You begin to notice maybe there’s a stain there, maybe there’s something in need of repair. Because you are present, you begin to develop distinctions. Your awareness is beginning to pervade the environment and begin to see more clearly what all that is there. Mindfulness is their process, so whenever you bring mindfulness to a situation, you begin to see more of what is already there. You begin to become aware of so many nuances, so many other aspects that make up a situation. When you have that additional information, number one, you can have a deeper sense of fulfillment. You’re so much more aware of all the beauty that’s around you and all the love and care that went into what it is that you’re getting to experience. From the food on your table, the way that you travel, the work that goes into the craftsmanship that the mechanics have to have so that the plane can leave on time, it’s just everywhere.

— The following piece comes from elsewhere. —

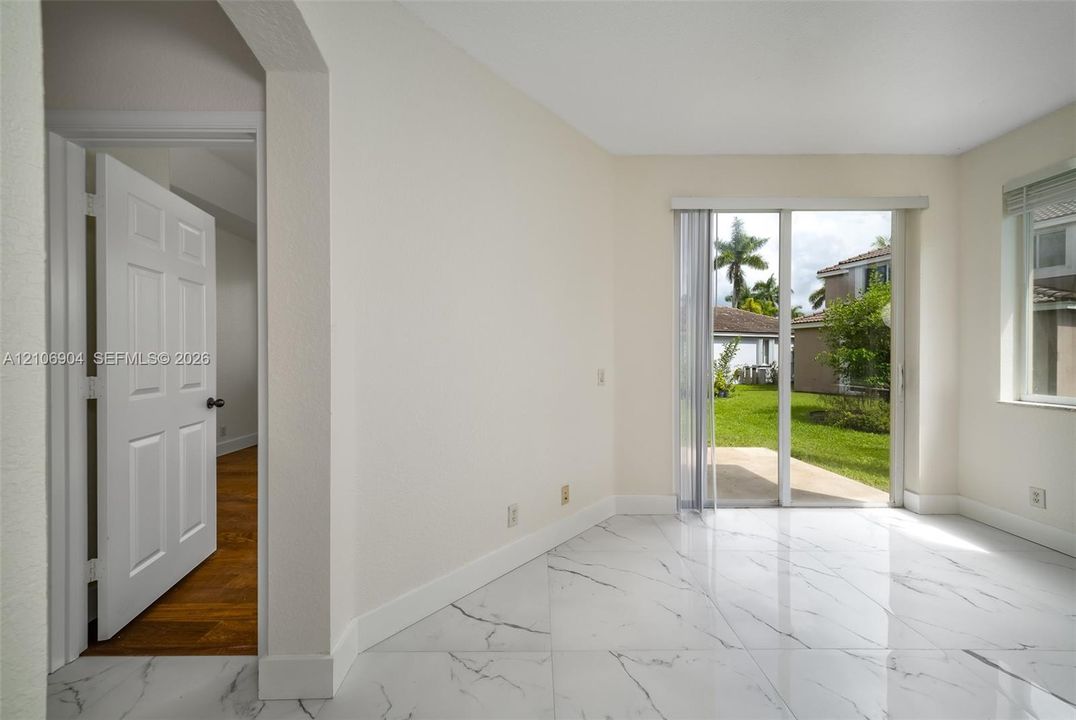 Interior featuring large-format white stone-finish flooring with dark veining, sliding glass patio doors, and a six-panel interior door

It doesn’t matter where we are. The care and the love and the focus and the commitment is all around us. A deeper sense of mindfulness opens that up for you. You begin to see it and you begin to feel more valued and supported by everything that’s around you. The deeper sense of mindfulness also lets you see more about yourself. It lets you see where you’re fooling yourself. It lets you see where you are in denial, and lets you see where you are committing self-sabotage. It lets you see where you are holding yourself back to self-judgment or fear of failure. Then you can correct or you can release something and you can begin to slowly free yourself from limiting mental, emotional and physical behaviors. That also deepens a sense of trust, when you know that what you become aware of is on the way out.

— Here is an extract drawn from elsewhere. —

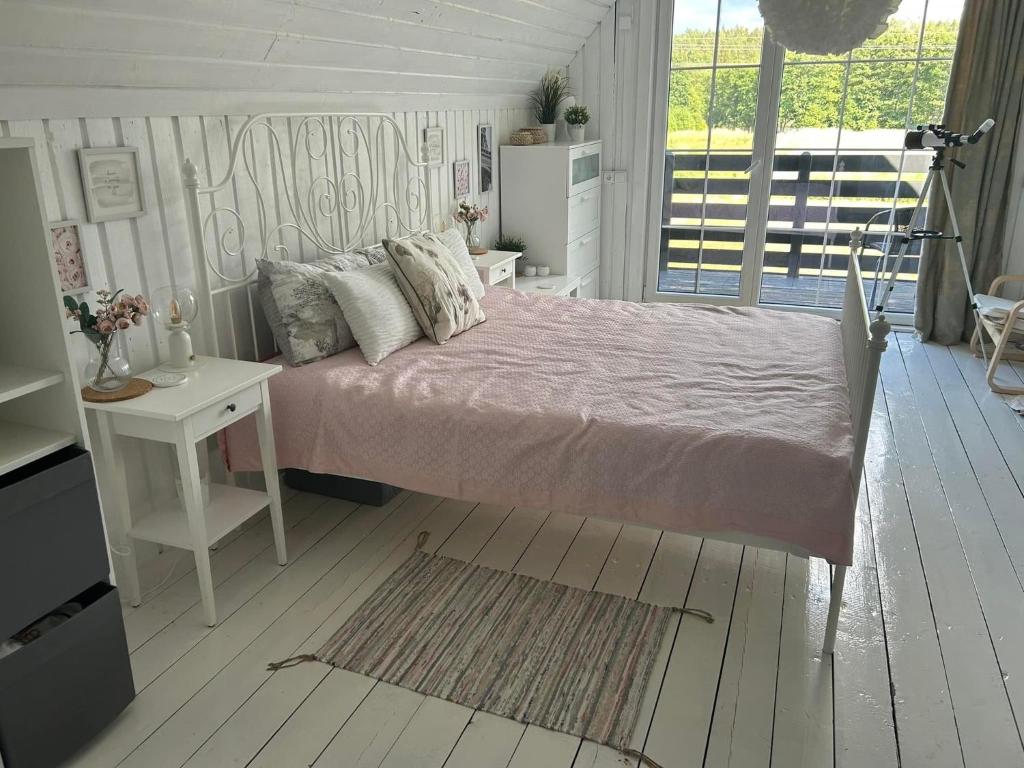 Schlafzimmer mit einem Bett, einem Tisch und einem Fenster in der Unterkunft Sodyba ramiam poilsiui in Kaltanėnai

When you know that if you become aware of a stupid habit or a limiting habit, because you become aware of it, you can release it. You lose your fear of learning about your own mistakes and you lose your fear of seeing your own shortcomings. It is such a healthy thing to become aware of your mistakes and of your shortcomings, because now you have the opportunity to outgrow them, and that as well bring spontaneity. Part of why people like spontaneity is because they’re very afraid of the consequences or they’re afraid of failure or they’re afraid of looking stupid or they’re afraid of being silly or how they are perceived. All of that is because there is no clear practice or no clear process that they have access to that will let them know that whatever happens, I can bring that onto the path. If I stumble, it is not the end of the world. It’s the beginning of a new fork in my life. I’m going to learn something. I will be able to pick myself back up. I’ll be able to integrate my new understanding. I’ll be able to go from there. Spontaneity is rooted in trust in one’s ability to respond, trust in one’s ability to learn from a situation and trust in one’s ability to recover from challenges and trust in one’s ability to not cause harm. That is really about a maturation of intention, distrust in one’s ability to not cause harm.
Is trust rooted in mindfulness or is mindfulness rooted in trust?

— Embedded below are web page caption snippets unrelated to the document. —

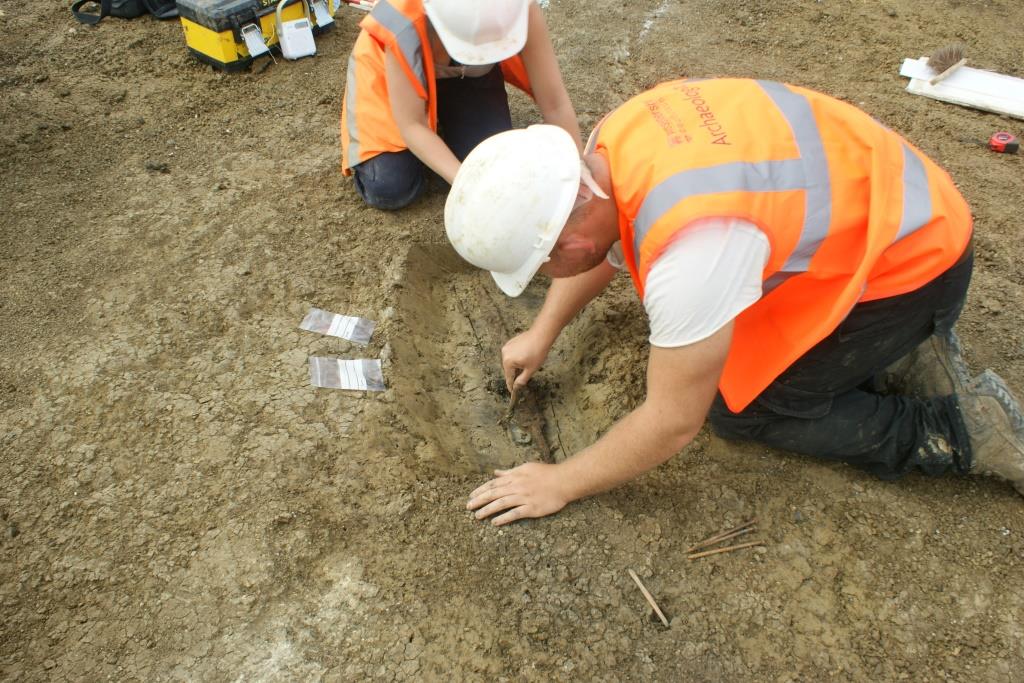 Archaeologists excavating Roman sword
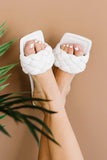Woman wearing white braided slide sandals with square toe, neutral background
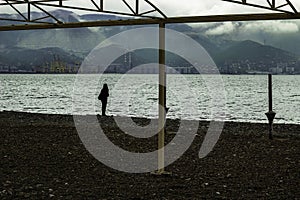 Woman stay near the sea coastline on the beach photo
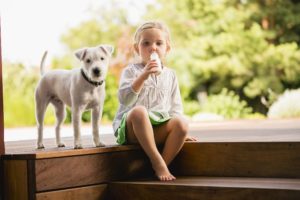 Young girl sitting on wooden steps with dog eating doughnut Otoczenie do potrzeb dzieci – Dom z myślą o najmłodszych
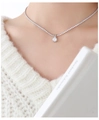 Detail of silver tennis chain necklace with a round solitaire pendant on a model - Silver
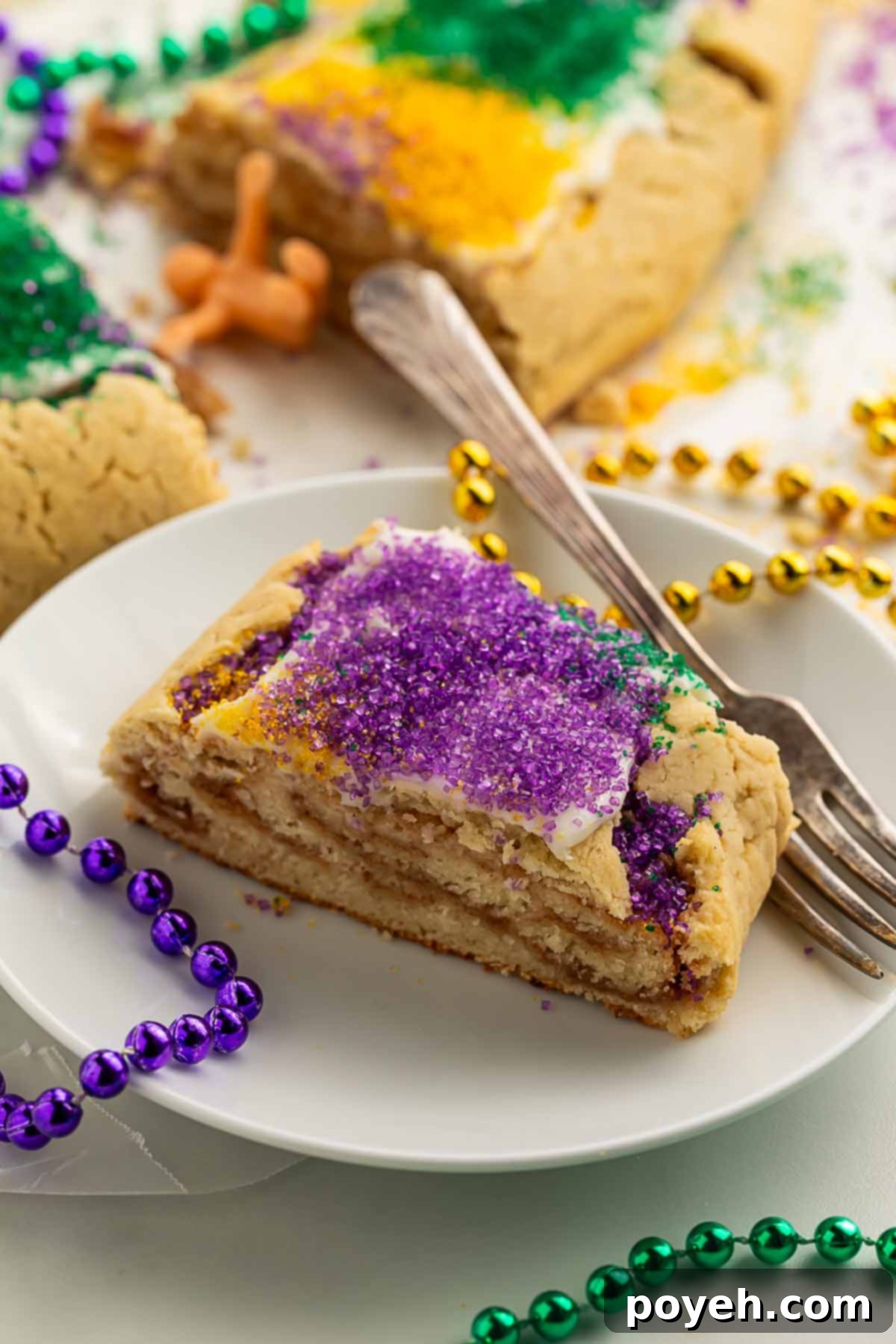 A piece of gluten free king cake, topped with rich purple sanding sugar, served on a white plate with a silver fork, surrounded by purple, gold, and green Mardi Gras bead necklaces. 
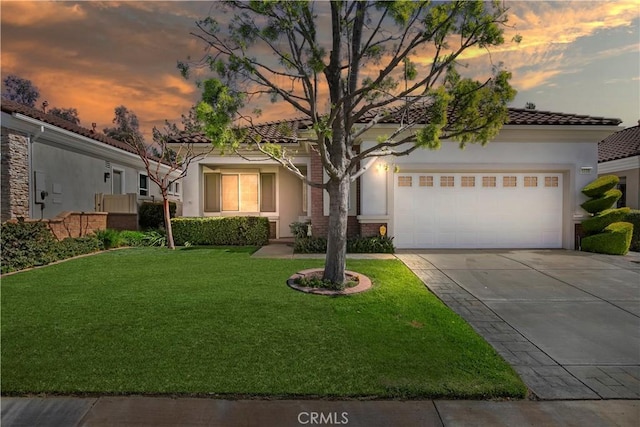 mediterranean / spanish-style home with a front yard, an attached garage, stucco siding, concrete driveway, and a tiled roof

When you look at the scientific research and literature, then there’s a very strong correlation between mindfulness and trust. For example, when you have a school and faculty and you teach them mindfulness, then the trust between the faculty members goes up. Also when you do trust exercises, then the mindfulness in that community goes up which means that they are correlated. You can influence mindfulness by how trusting people are. When they are trusting, they prefer to be present. Whereas when we don’t feel safe, then we were scattered. When we don’t feel safe, we don’t feel where we need to be. We don’t feel we can relax. We don’t feel we can connect. We’re looking for a way out of the situation. We’re not at ease where we are. Mindfulness literally is reduced. We become scared our mind gets scatterbrained because of our lack of safety and our lack of trust. There is a correlation and the science shows it.
It’s a reciprocal relationship, it feels like that. They’re cross pollinating each other. If somebody says, “I really would love to trust myself more,” mindfulness practice would help them to receive as a benefit of it, outgrow some of their limiting behaviors through mindfulness practice. They would gain some greater trust of themselves if they were to be in a position where they were mindful. Because that was a practice that they had started or that was just a part of their rituals as a consequence of mindfulness, they might also gain greater trust without intending it specifically. Others might gain greater trust in them or they might gain greater trust in others as a collateral benefit of that.
Usually, we practice trust as a reaction. If we meet people and we judge them as trustworthy, then we react with trust. If we come into a situation, the situations predictable and we feel like we can judge the direction of the outcome, then we feel we can react with trust, which means the trust levels that we have remain low because we have a reactionary practice of trust. We are waiting for people and situations to prove to us that they warrant our trust. We wait for the world to prove to us that it warrants our trust. Because people are fallible and because situations are uncertain and because the world is changing, our trust levels remain low. What we teach our leaders is that they have to take domain over their trust. They need to release other people from the responsibility for their trust. They need to release situations and they need to release the world from the responsibility for their trust. They need to take ownership of their trust and decide that “I am going to invest the trust that I want to bring to a situation. I’m going to invest the trust that I need in my life in order to feel good, in order to be connected, in order to be open, in order to be at ease, in order to have access to my resources.”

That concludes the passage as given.